Interpretive Summary: Pesticide spray application efficiency is significantly affected by leaf wettability which depends, in part, on the roughness of leaf fine scale surfaces. Accurate quantification of leaf surface roughness can lead to creating scientific guidelines for choosing optimal spray parameters to increase spray droplet retention and minimize off-target loss. However, there are few known reliable technologies that can achieve this direct quantification. In this research, a 3-dimentional optical surface profiler was investigated as a new method to measure leaf surface roughness at micro- and nanometer scales. Topography parameters including roughness height and skewness were identified as quantifiable metrics relating to roughness and leaf wettability. The measurement accuracy was validated by comparing the micrometer and sub-micrometer scaled roughness of seven leaf types with multi-scale structure and smooth surfaces. Test results demonstrated that the optical profiler was an effective and fast instrument for accurately measuring and quantifying leaf roughness, especially as relating to wettability. Biologists and engineers could use these metrics to better model leaf wettability and to develop more effective spray application strategies to reduce pesticide waste, cost and environmental impact.

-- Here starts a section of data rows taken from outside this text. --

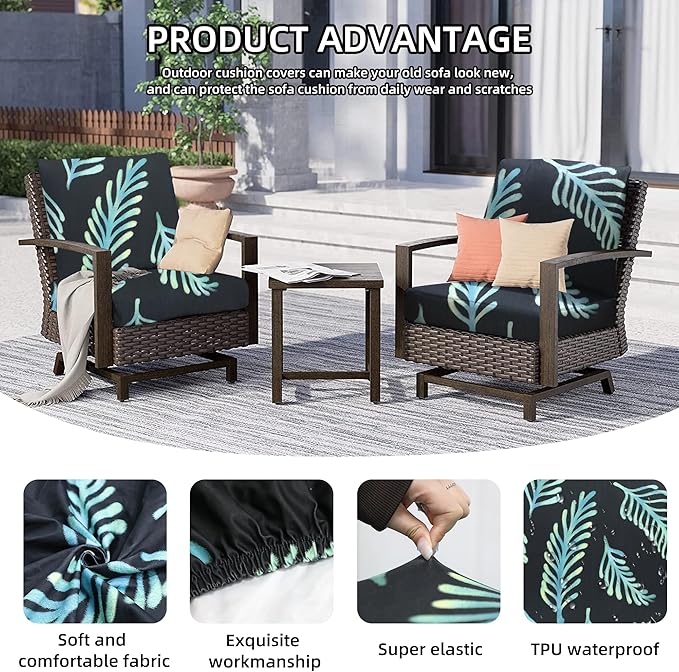 8Pcs Outdoor Cushion Covers, Patio Cushion Covers, Stretch Elastic Slipcovers - Image 3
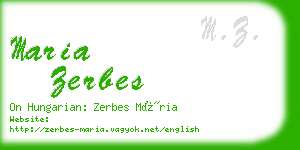 maria zerbes business card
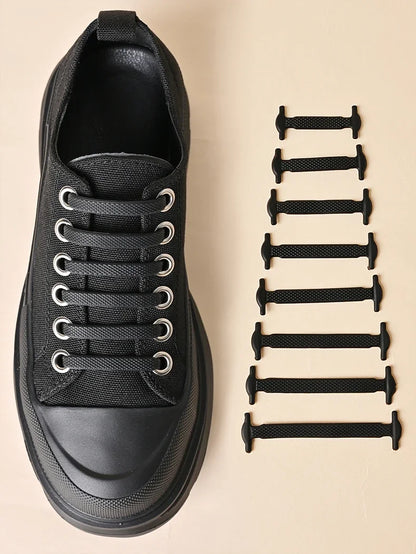 16pcs Silicone Shoelaces No Tie Shoelaces Without Ties Elastic Lace Shoelace Kids Adult Creative Lazy Silicone Laces Rubber Lace - Smarsty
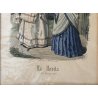 ANTICA LITOGRAFIA ACQUERELLATA La Mode Illustrée Bureaux du Journal MILANO PARIS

Technical Abstract: Biological efficiency of pesticide droplets is affected by leaf surface fine structures; however, few reliable methods exist to physically measure and quantify surface roughness. A 3D optical surface profiler was evaluated for its effectiveness as a novel and reliable method to measure and quantify leaf surface roughness in terms of areal roughness parameters. Evaluations included its accuracy for measuring 3D roughness parameters relating mean roughness length, Sa, skewness, Ssk, and kurtosis, Sku. Their values were compared with the wettability of seven leaf types ranging from easy-to-wet to very difficult-to-wet. Measurement accuracy was validated by a qualitative visual analysis comparing 3D surface renderings of measured leaf surfaces generated by the profiler and micrographs taken with a scanning electron microscope (SEM). The accuracy was also validated by measuring and comparing the micrometer and sub-micrometer scaled roughness on leaf types with hierarchical (multi-scale) structuring and smooth surfaces. Both the renderings and the SEM showed visual agreement in surface variations from waxes and trichomes. The measured roughness lengths for the multi-scale and smooth surfaces were on the same order of magnitude for micrometer scale roughness, approximately 1, but different orders of magnitude for sub-micrometer scale roughness, approximately 0.1 and 0.001, respectively. Comparisons for Ssk and Sku to wettability were inconclusive, however, comparisons between Sa and wettability showed a positive linear fit, suggesting that Sa could be a viable metric for relating leaf surface roughness to wettability. The results from the micrometer and sub-micrometer scale surface roughness quantification could be used to improve pesticide spray deposition quality, leading to reductions in pesticide use and negative environmental impact.